I think about Attorney General Mukasey, and Chief Justice Roberts worrying more about Exxon than the people and property damaged by the Valez oil spill, and I remember Chief Justice Rehnquist openly declaring the sole province of the law the court could not afford to change, was the law of property, because so much depended on the steady and reliable application of law as applied to property. He made those comments when he took the position of Chief Justice, and he meant to draw a contrast to the Warren Court, which heavily influenced the Burger Court, which Rehnquist changed to his court. He meant civil rights rulings enjoyed no such privilege, and indeed deserved no such privilege. The courts have been reluctant to involve themselves in matters the Administration has said are central to "GWOT," and the shield has only occassionally been the defense of "national security." More often than not, the courts are willing to defer to the authority of the Administration, or at least not to challenge it outright. This has wrought great despair in many quarters, but the despair is somewhat misplaced. What we are seeing is not an attempt to rollback the gains of the Warren Court, but a return to the status quo from which the Warren Court was such a notable abberation.

Much of the "civil rights" rulings we now cherish, like Miranda and Gideon, are products of the Warren Court, not rights established by the Founding Fathers and enshrined in the Bill of Rights since the Constitution was first adopted. We forget how radical those opinions were, how much they upset the apple cart of American criminal jurisprudence, how much they made us rethink the authority of government over those accused of improper or illegal actions. We also forget that the Warren Court did not wipe away a legacy of uncivil treatment of Americans, or of foreigners, or that the House UnAmerican Affairs Committee ("HUAC") was in operation until 1975. HUAC was the driving force behind the "Red Scare" and the Hollywood "blacklist," and it worked just the way the Bush Administration does now: through innuendo and unfounded allegation, through suspicion and intimidation. It is a legacy of Brokaw's "Greatest Generation," because it grew out of the paranoia and fear at the end of World War II, and it wasn't ended itself until it took on two icons from the generation after that war: Jerry Rubin and Abbie Hoffman, people who refused to be intimidated by the committee's attention. As Studs Terkel has said, the boomers were the "greatest generation," because they changed American society for the better.

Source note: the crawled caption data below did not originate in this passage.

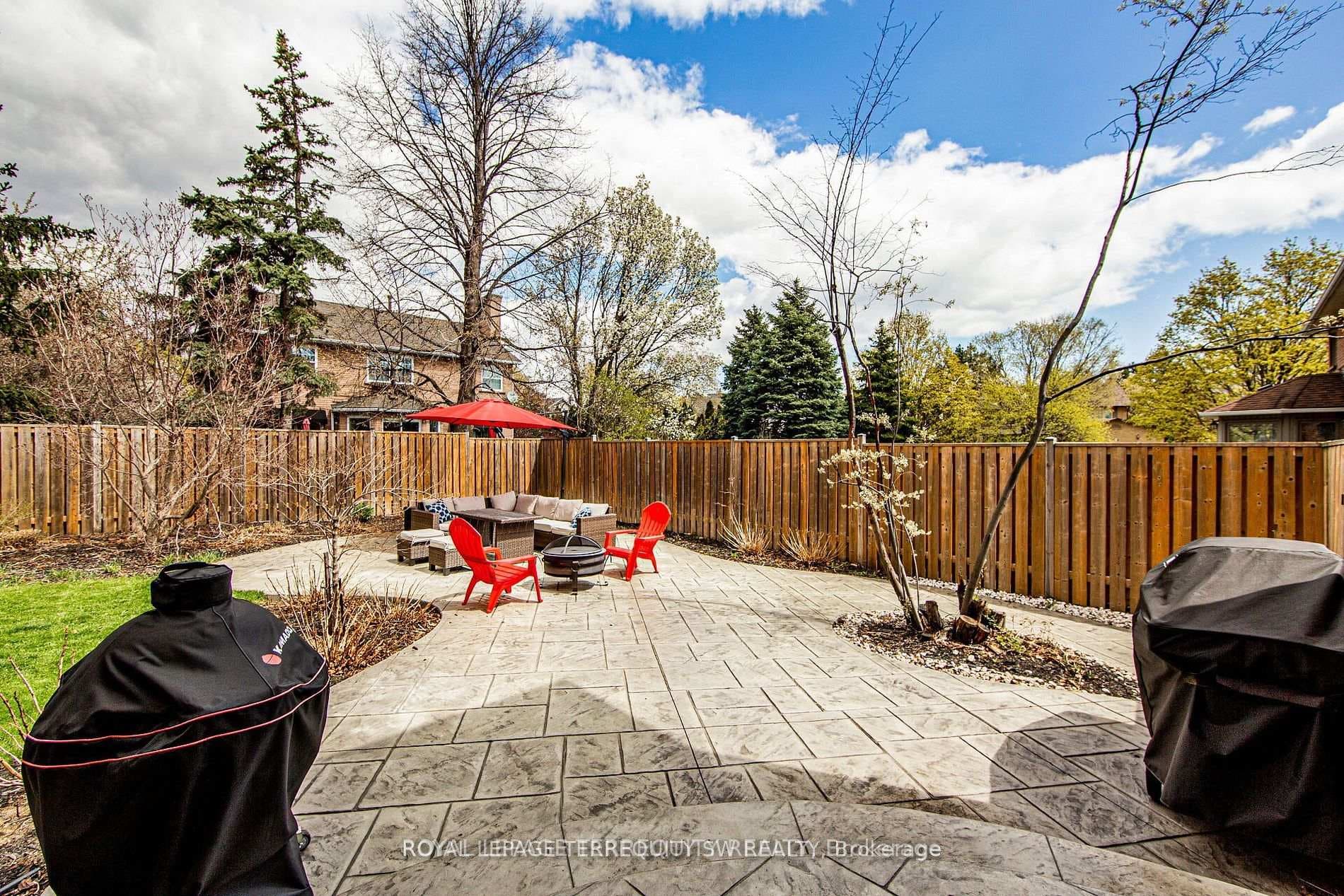 2025 Parklane Crescent - Detached photo 43 of 50 in Burlington, Ontario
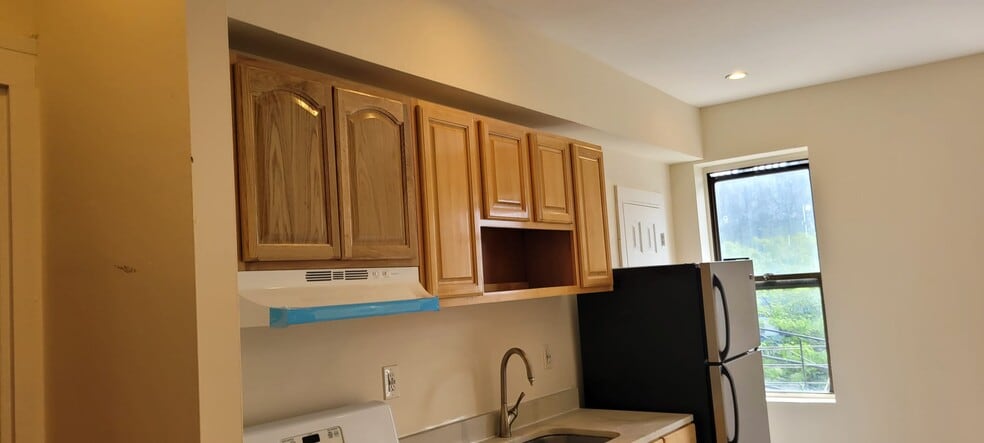 Building Photo - 1875 Carter Ave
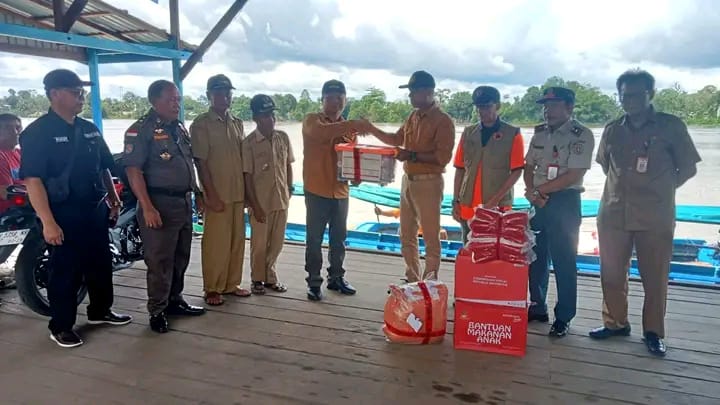 Pemkab Katingan Salurkan Bantuan Terdampak Banjir di Tasik Payawan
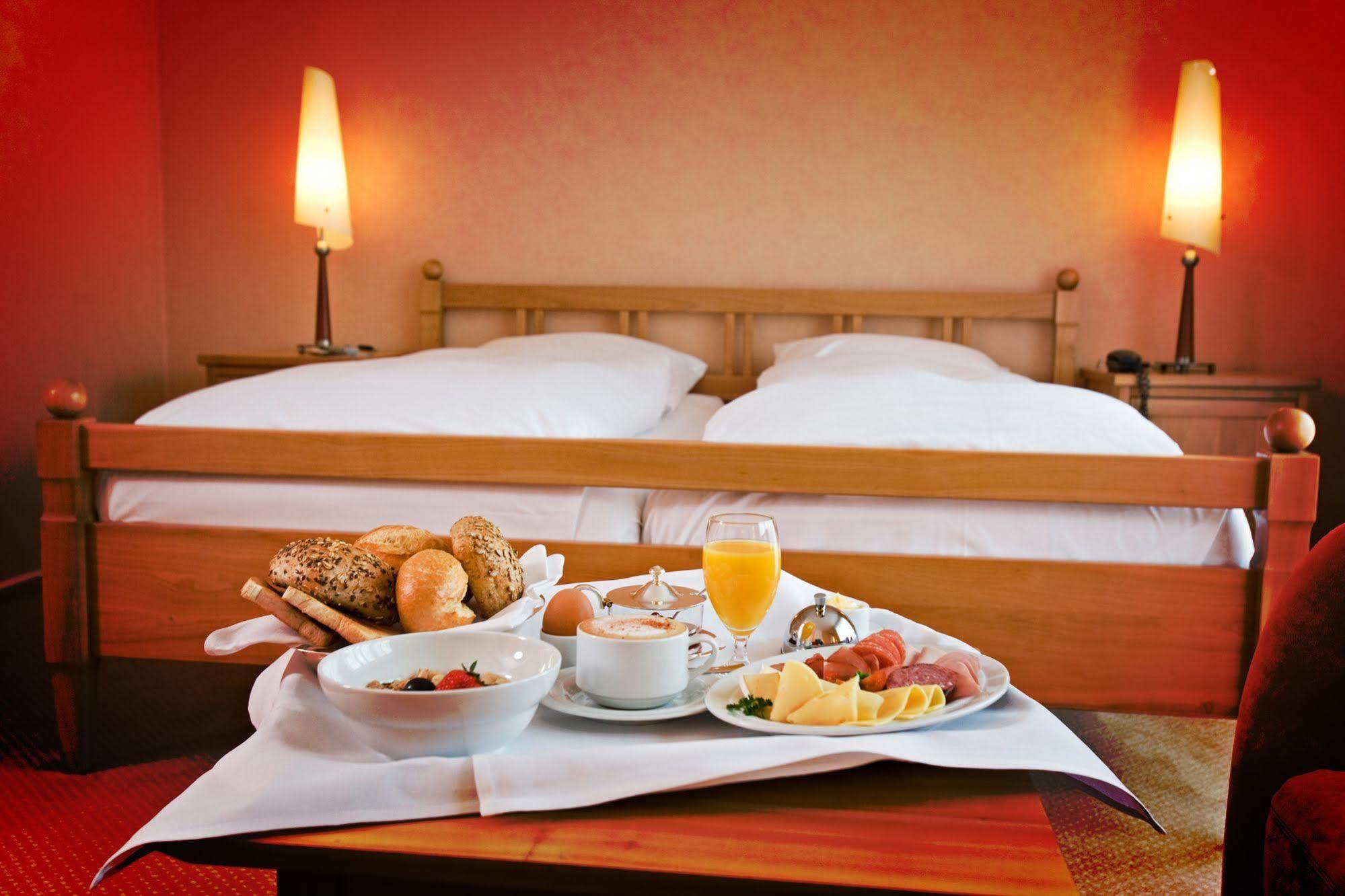 Hotel Sonne Rheda-Wiedenbrück Esterno foto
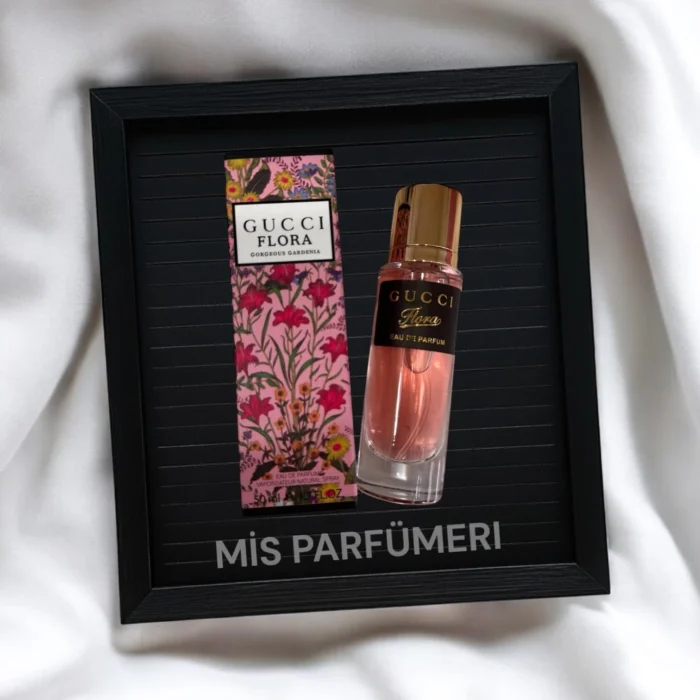 Gucci Flora Gorgeous Gardenia Edp 50 ml çanta boy Kadın Parfüm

But shouldn't we despair that those changes were not permanent, that what was wrought by that generation didn't stick into the 21st century? Or would it be better to see it all in perspective, to understand that the fairness and honest and decency and the truly shining example of the "city on the hill" was never so true as when we, and the generation just before us, worked so hard to make it true? Much of American history, seen from the standpoint of justice and fairness, looks more like the internment of the Japanese during World War II, than it does like the dream of Martin Luther King, Jr. But King's dream inspired people, and it is said that overseeing the illegal and unnecessary internment of Japanese Americans inspired Earl Warren. It is not despair we need, but derermination. No, America today is not the country we thought it was; but it was only that country through the determined effort of many people, from Supreme Court justices to members of the SDS. There is always work to be done, and always history to learn from.

More of that, and less of hand-wringing, is just what we need.